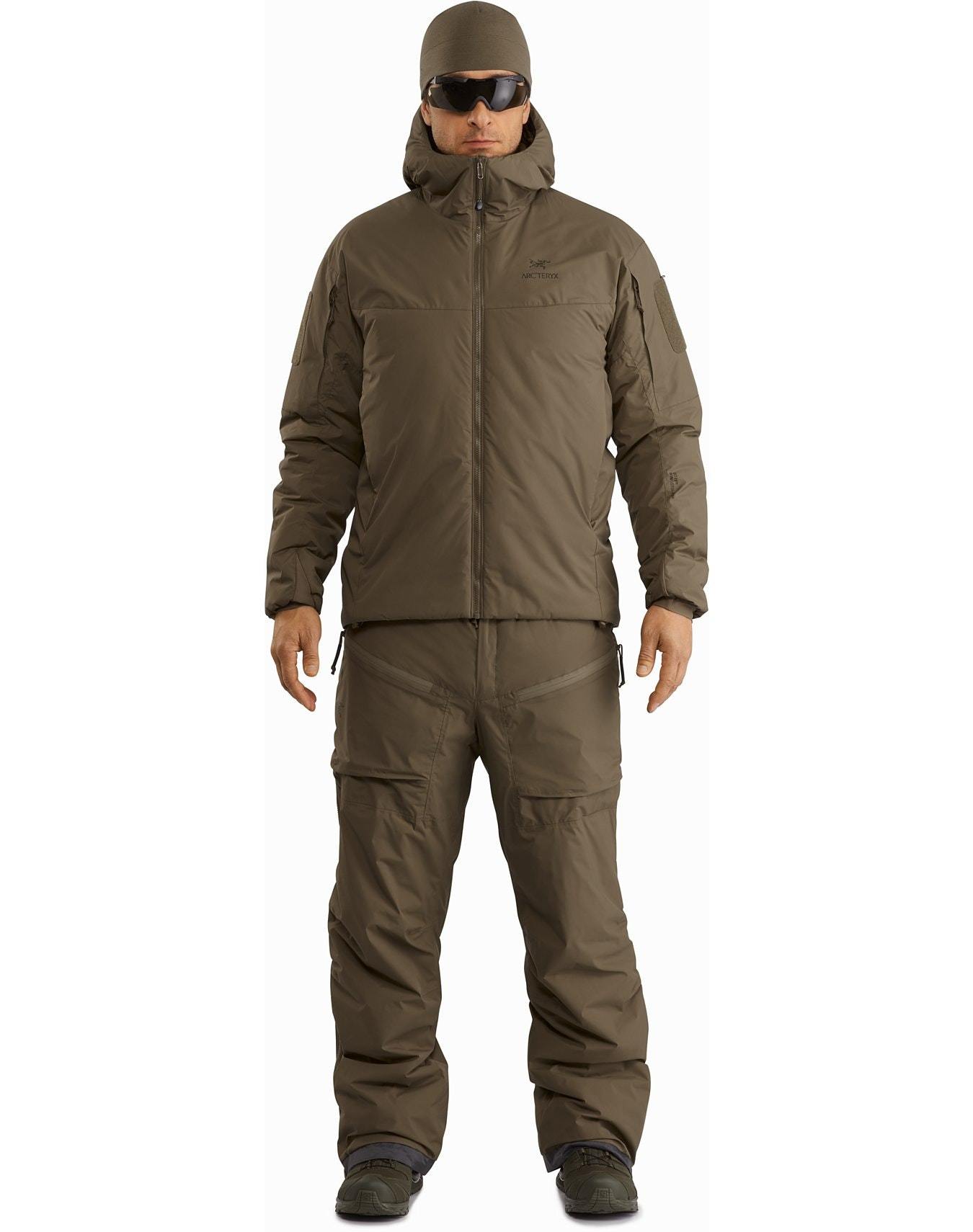 Ein Mann trägt den ARC'TERYX LEAF Cold WX Hoody LT Gen2.1 in Ranger Green mit isolierter Kapuze, passender taktischer Hose, Sonnenbrille und Mütze in einer Ganzkörper-Produktaufnahme von vorne.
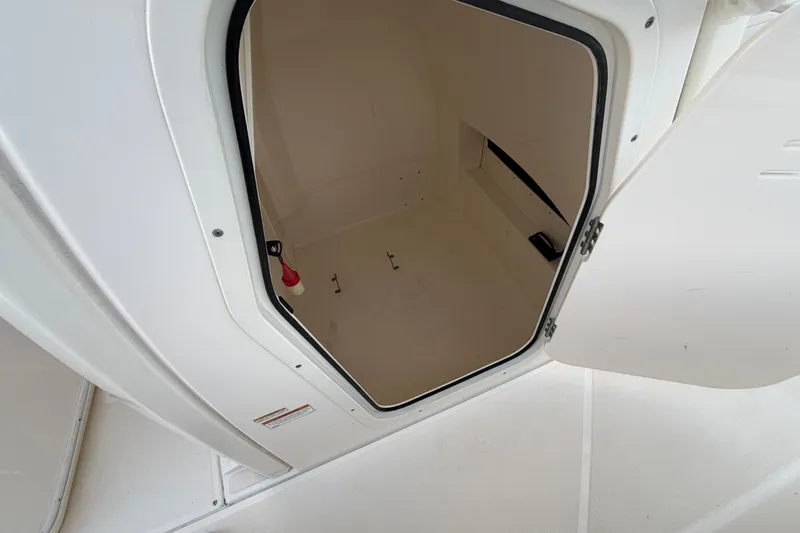 Slide: The Image of Open storage compartment on a 2023 Boston Whaler 220 Dauntless boat. - 54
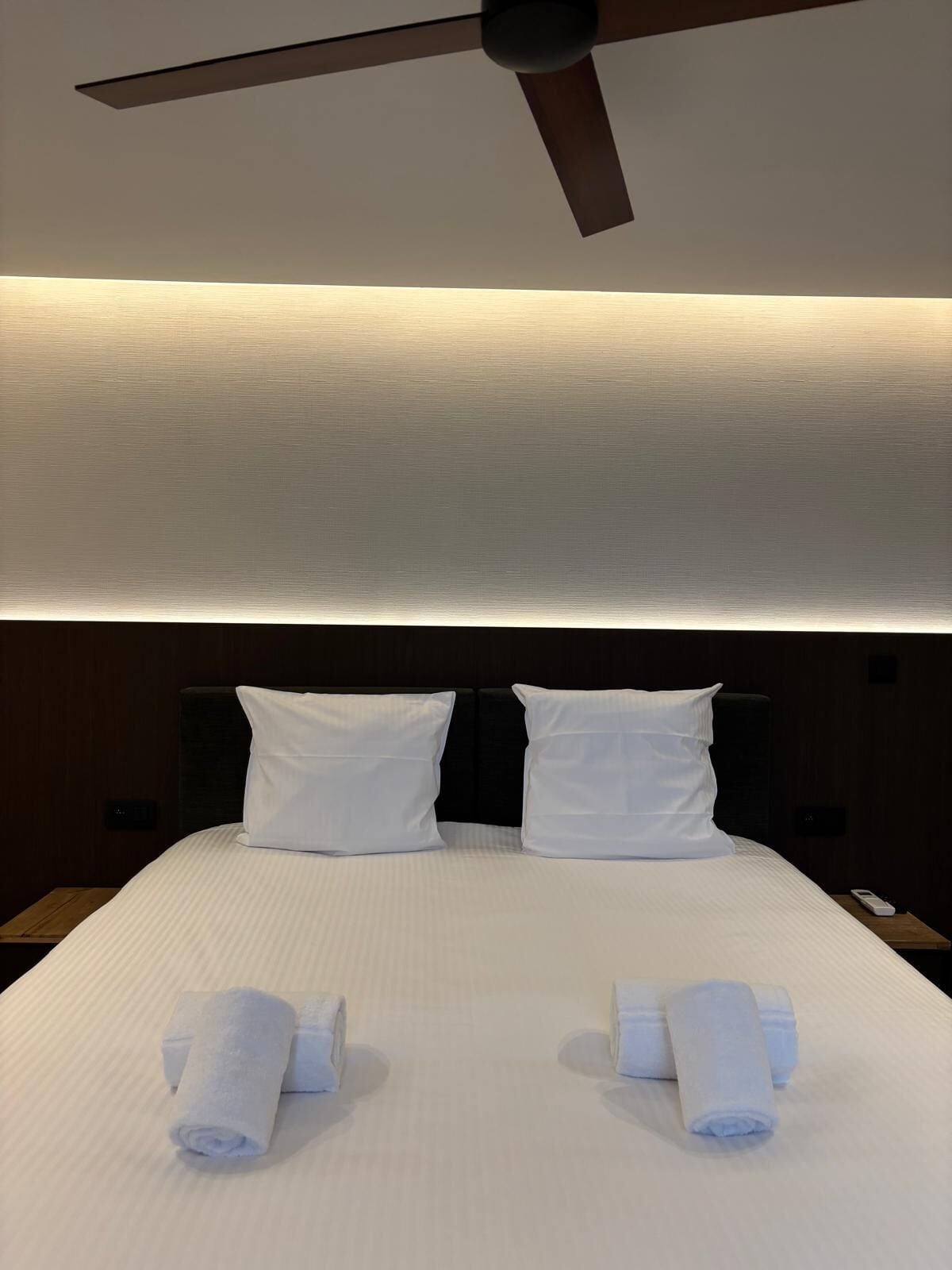 Une chambre d’hôtel avec un lit, deux oreillers, un ventilateur de plafond et deux serviettes enroulées posées sur le lit.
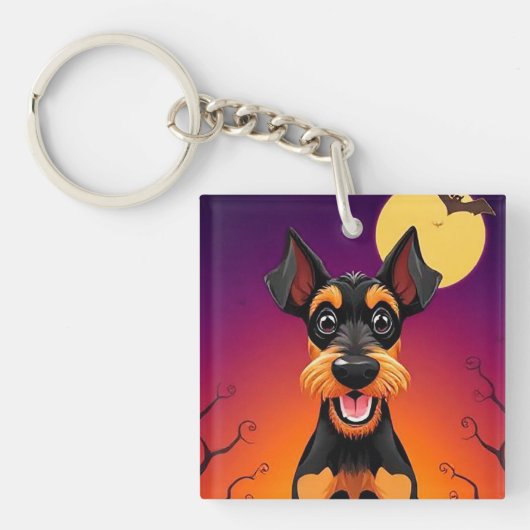 ハロウィンのシーンにいるかわいい犬 キーホルダー (正面)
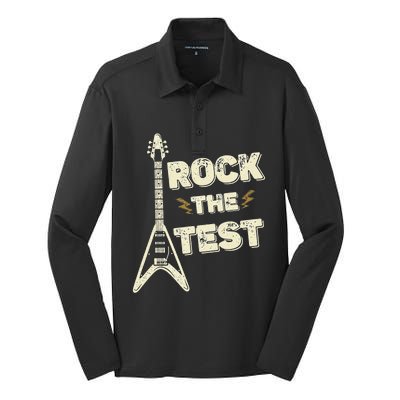 Rock The Test Guitar Testing Day Teacher Test Day Teacher Silk Touch Performance Long Sleeve Polo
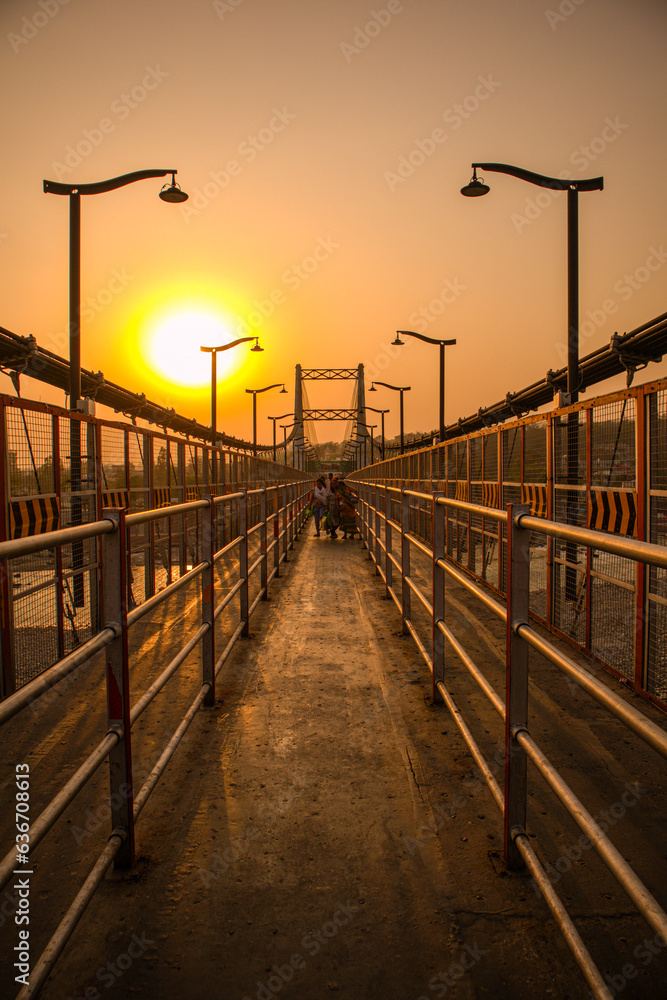 Obraz premium Sunset from Janki Setu bridge Rishikesh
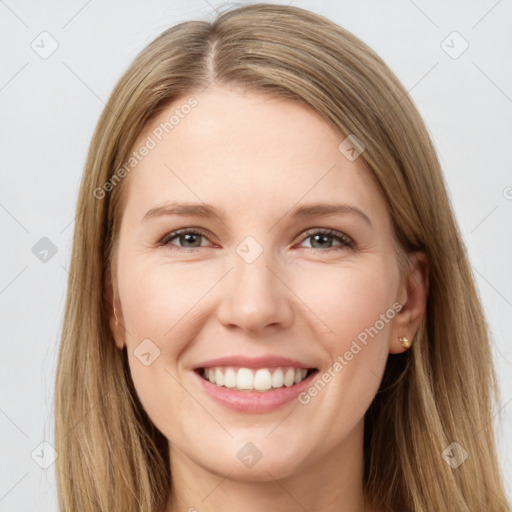 Joyful white young-adult female with long  brown hair and brown eyes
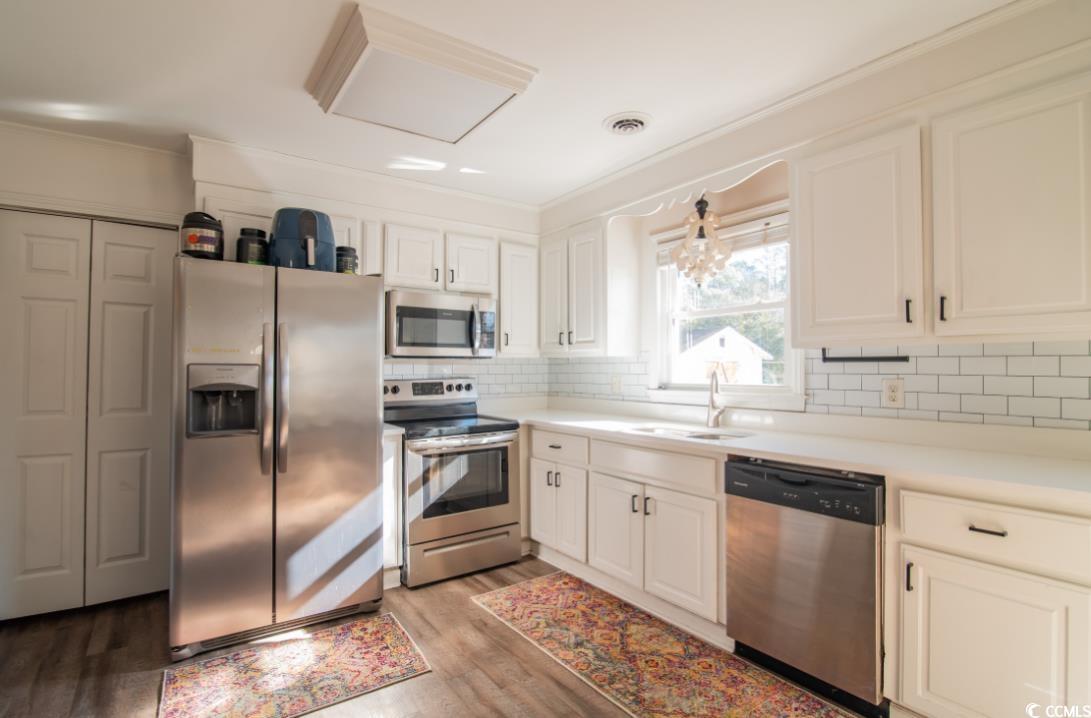 467 Harrelson Road Georgetown, SC 29440 - Photo 10 of 40 Kitchen with white cabinets, sink, appliances with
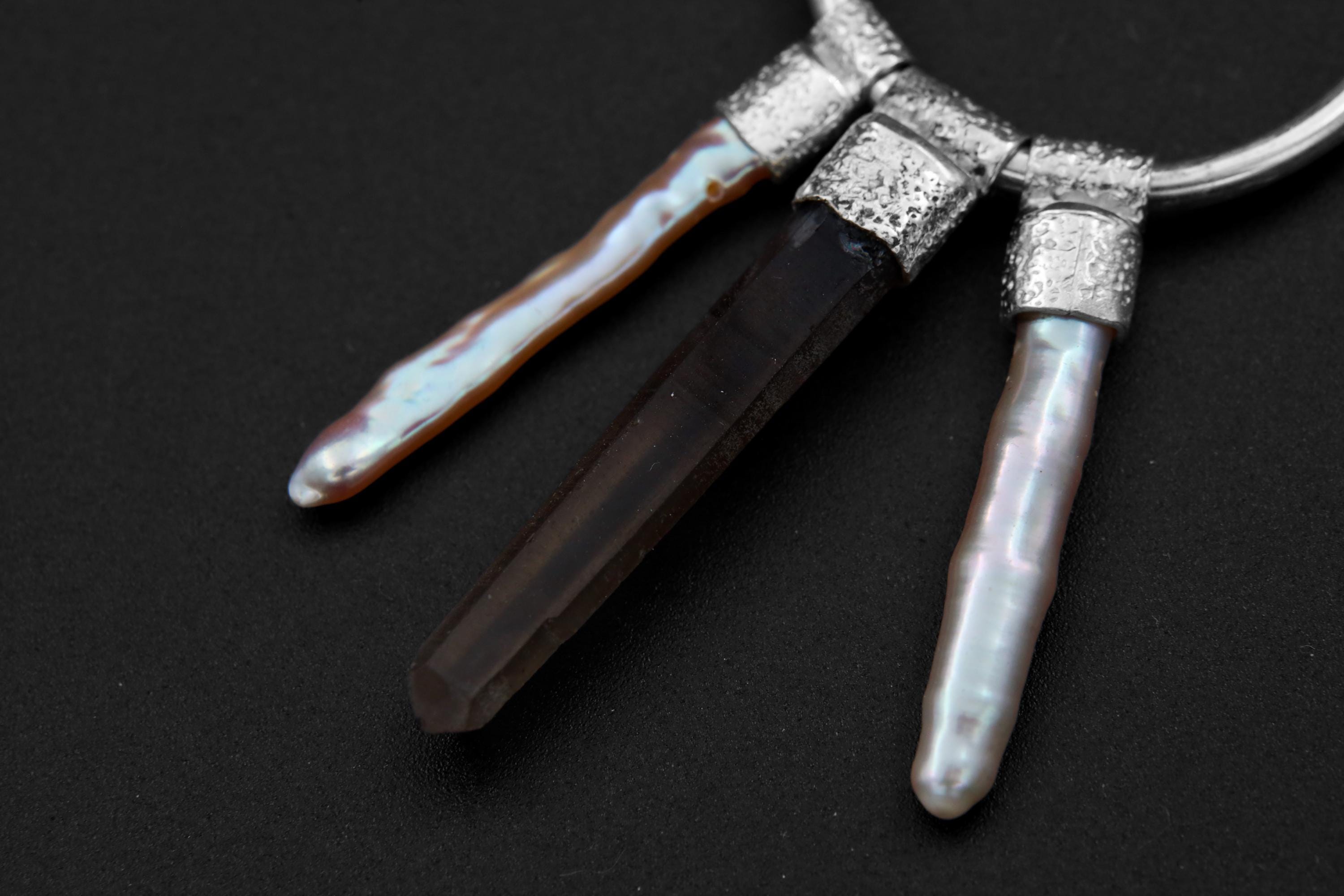 Close-up of Smoky Quartz and White Pearl dangles on sterling silver hoop earrings with polished handmade details.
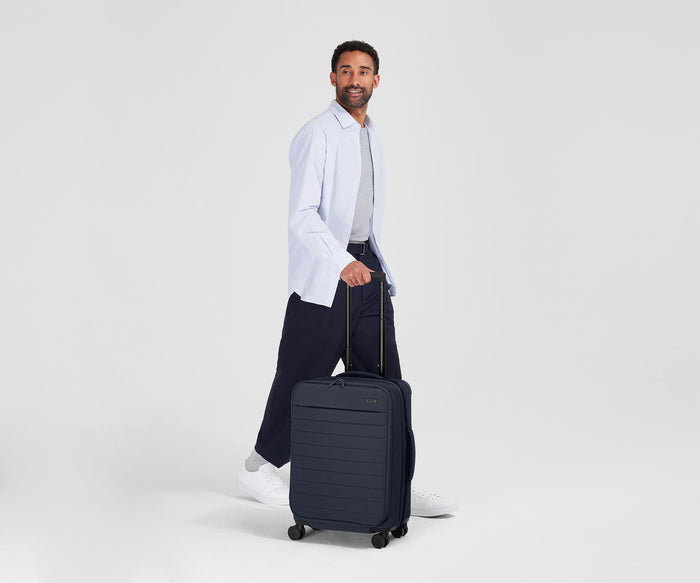 Person standing next to the Softside Bigger Carry-on for scale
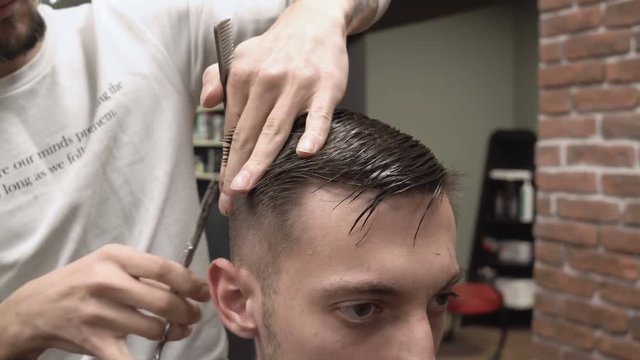 Young male hairdresser cuts a young hipster guy with scissors close-up 4k.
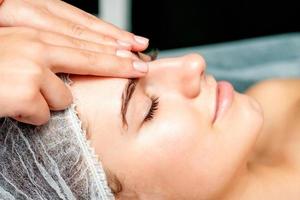 Female therapist making forehead massage photo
·····
◆ AIM OF THE EXERCISE
Your answer must be an exact copy of every entry, with the pictures left out.

◆ RESPONSE
 Ein Mann trägt den ARC'TERYX LEAF Cold WX Hoody LT Gen2.1 in Ranger Green mit isolierter Kapuze, passender taktischer Hose, Sonnenbrille und Mütze in einer Ganzkörper-Produktaufnahme von vorne.
 Slide: The Image of Open storage compartment on a 2023 Boston Whaler 220 Dauntless boat. - 54
 Une chambre d’hôtel avec un lit, deux oreillers, un ventilateur de plafond et deux serviettes enroulées posées sur le lit.
 ハロウィンのシーンにいるかわいい犬 キーホルダー (正面)
 Rock The Test Guitar Testing Day Teacher Test Day Teacher Silk Touch Performance Long Sleeve Polo
 Obraz premium Sunset from Janki Setu bridge Rishikesh
 Joyful white young-adult female with long  brown hair and brown eyes
 467 Harrelson Road Georgetown, SC 29440 - Photo 10 of 40 Kitchen with white cabinets, sink, appliances with
 Close-up of Smoky Quartz and White Pearl dangles on sterling silver hoop earrings with polished handmade details.
 Person standing next to the Softside Bigger Carry-on for scale
 Young male hairdresser cuts a young hipster guy with scissors close-up 4k.
 Female therapist making forehead massage photo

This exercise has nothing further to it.